Its impact  was felt across America and especially in New York, which is home to more Jews than any city outside of Israel as well as a vibrant and growing Arabic community. 

The leader of the Conference of Presidents of Major Jewish Organizations, Malcolm Hoenlein, told me: "There's been a regrettable rush to judgment. Israel confronted a group of trained terrorists with assault weapons. Israel acted with great restraint until the situation became life-threatening."

Israeli officials, Hoenlein said, had tried to get the flotilla leaders to bring their supplies into Gaza legally. "They had more than humanitarian supplies. They had missiles and other weapons. Several people in this group were trained terrorists who wanted to provoke an incident for propaganda, to create martyrs."

An American Arab leader, Ahmed Rehab, of the Council on American-Islamic Relations, responded: "The irony is not lost on me that Israel would argue self-defense in a situation where it attacks peace activists in international waters."
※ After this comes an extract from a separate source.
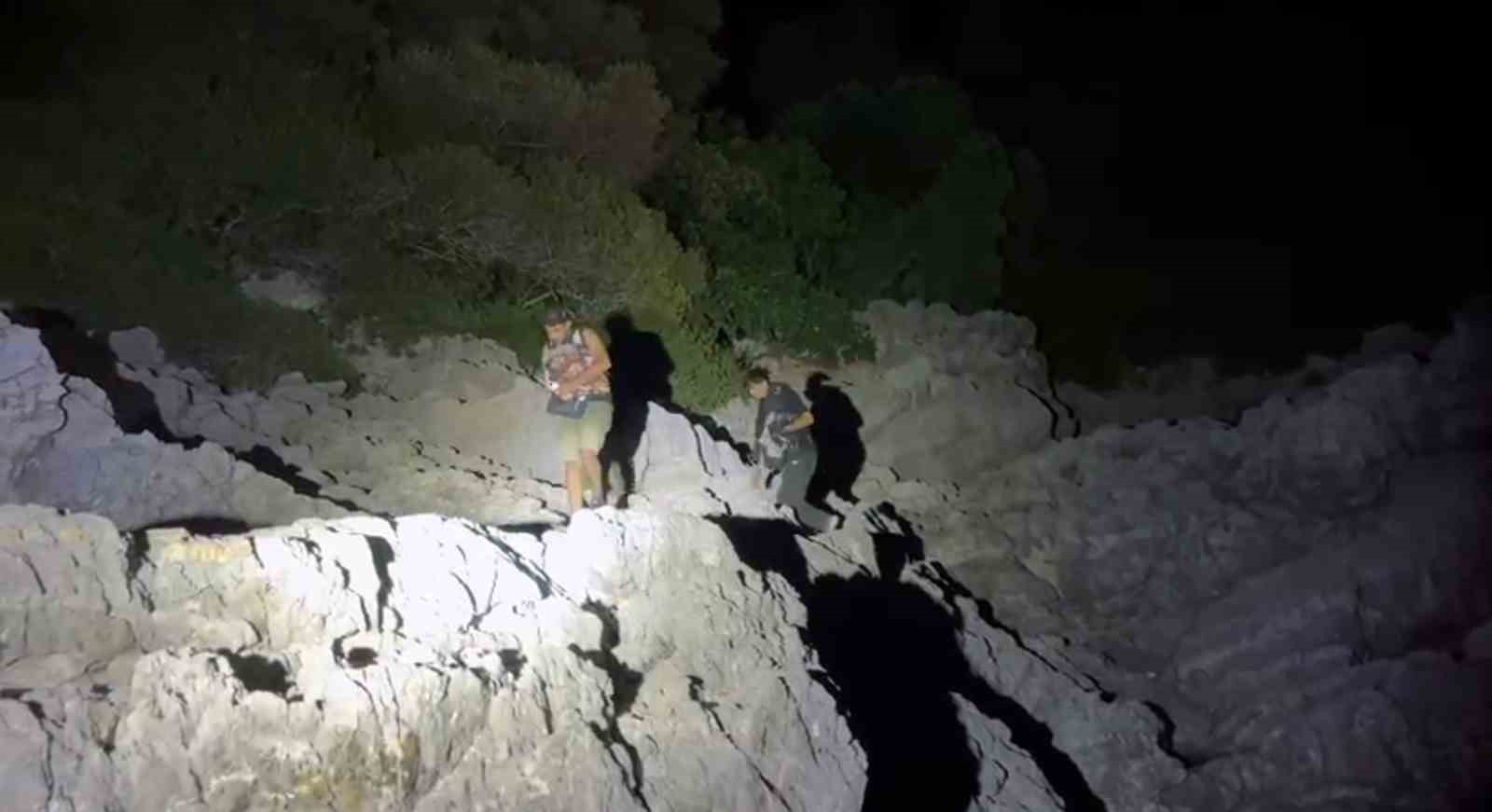 2 düzensiz göçmen karadan ulaşımın bulunmadığı bölgeye bırakıldı Muğla’nın Marmaris ilçesinde karadan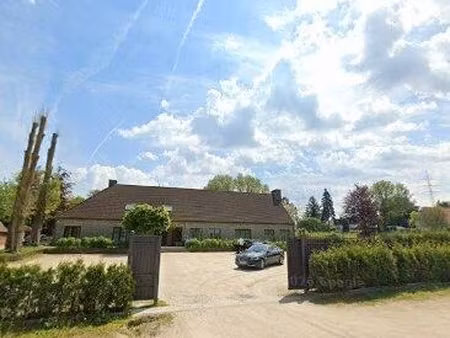 immeuble mixte en vente publique à rue des betteraves 32 anderlecht (rbw54877)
I  asked him: what remedy to you propose? "The United States should recognize, as Israel's ally, that it must demand that Israel plays by our standards of respect for human rights and international law."

 I have visited Gaza several times. The irony is that this is a tiny piece of real estate on the banks of the Mediterranean. Egypt was happy to relinquish any claim to the territory years ago. And Israel doesn't want any part of it either. Hamas rules the 1.5 million people of Gaza -- and the fact that these people have a desperately rough life is as much the fault of the surrounding states as it is Israel's. The people of Gaza could use far more help than a symbolic flotilla battling the Israeli Navy to land some supplies.

While videos of the confrontation show that some protesters did use metal bats, knives and clubs and marbles to fight the invading commandoes, Mahmoud Abbas, the Palestinian President, insisted the raid was a "massacre" and ordered three days of mourning.

So what's the solution? The prophet Isaiah, revered by both Jews and Muslims, said: "They shall beat their swords into plowshares and their spears into pruning hooks; nation shall not llft up sword against nation, neither shall they learn war any more."

Palestinians, Israelis -- and the world -- are still waiting for this prophecy to come true.